Age Partnership said its adviser service reveals a growing trend in the number of approaches from clients on the back of failed transactions via IFAs who did not have the appropriate permissions in place.

At the same time, the number of direct referrals from advisers who are aware of their limited capacity or lack-of permissions is also increasing.

Age Partnership added the March 2015 consultation on defined benefit to defined contribution transfers and conversions or transfers of safeguarded benefits to flexible benefits which followed on from the pension reforms announced in the Budget last year, proposed new protective measures for members choosing to transfer their benefits.

The changes were confirmed in finalised guidance issued in June 2015.

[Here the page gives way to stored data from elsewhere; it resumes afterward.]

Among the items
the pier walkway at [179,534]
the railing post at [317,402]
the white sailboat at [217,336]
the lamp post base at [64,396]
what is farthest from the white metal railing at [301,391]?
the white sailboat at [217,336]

From 6 April 2015, scheme members with safeguarded pension benefits of £30,000 or more in their scheme, wishing to transfer these benefits to access their benefits flexibly, must first get advice from an authorised adviser.

Age Partnership said in order to advise on all defined benefit pension schemes and some defined contribution pension schemes advisers must be appropriately qualified and experienced, as well as holding the necessary pension transfer permissions with the Financial Conduct Authority.

However, the firm sees many cases where advisers remain unaware they need these permissions.

In turn this may be putting some customers at risk of unexpected delays after the provider rejects their transfer.

If a client is given advice by an adviser without the correct permissions, the ceding scheme should stop the transaction, causing serious delays for the client, as well as lost business for the adviser.

Age Partnership added that this was a growing problem with more customers with defined benefit pensions currently seeking the same type of freedoms offered to their defined contribution counterparts.

The firm said that added to this was the issue that the growing prevalence of IFAs being approached by clients with cases that don’t meet their minimum case threshold.

Age Partnership said it is seeing an increase in referrals from advisers relating to all different pot sizes and types of pension scheme (not just defined benefit or defined contribution) looking to outsource because it is not high enough value for them – or simply because they are too busy to meet the demand.

Howard Hill, pension income expert at Age Partnership, said: “The pensions industry has seen a step change over the last 12 months with the introduction of the pension freedoms, but there are still a few crinkles to be ironed out in terms of the implementation.

“Advisers have been adjusting to the changes quickly and professionally, but there is still a knowledge gap about the subtleties of advising on DB to DC transfers and conversions.

“Some advisers simply don’t realise that they need FCA pension transfer permissions – which they may not have – to take on all clients.

“Not only this, some advisers are being forced to turn down clients with smaller pots who don’t meet their minimum case threshold. For independent advisers in particular, it simply doesn’t make business sense to take on all cases, especially in the current environment of plentiful demand.”

Daren O’Brien, director at London-based financial advisers Aurora Financial Solutions, said: “Age Partnership are correct and that many issues are all contributing to this problem, creating almost a perfect storm.

“There is the FCA being particularly slow in certifying pension transfer specialists who have applied for these permissions, the compliance uncertainty for advisers who have the permission from separating the advice from transacting any transfers and finally clients who want to go against that advice and take all their cash out irrespective of any sound advice not to transfer provided.

“The speedy introduction of pension freedoms in April has been badly promoted and the implications poorly explained leaving clients, advisers and providers with difficulties adding further to the delays.”

Patrick Connolly, head of communications at Chase de Vere, said: “The pension freedoms have given consumers far greater choice in how they take their pension benefits and this has opened up significant financial planning opportunities for advisers.

“I agree that it isn’t economical for advisers to give advice on some lower value pension arrangements.

“However, I would be very surprised if advisers didn’t know what permissions they had and in which areas they were permitted to give advice. If this is the case it would suggest that something is very wrong with their regulatory procedures.

“There is a difficult balance between allowing people to use the new pension freedoms and also having protection in place to ensure they don’t make huge errors which could affect their, and their family’s, standard of living in the future.

“While the current systems aren’t perfect, I would prefer an environment where there are delays but the right decision is reached in the end, to one where the process is far speedier but more people make the wrong choices

“What is clear is that many people making these important decisions need to take independent financial advice.”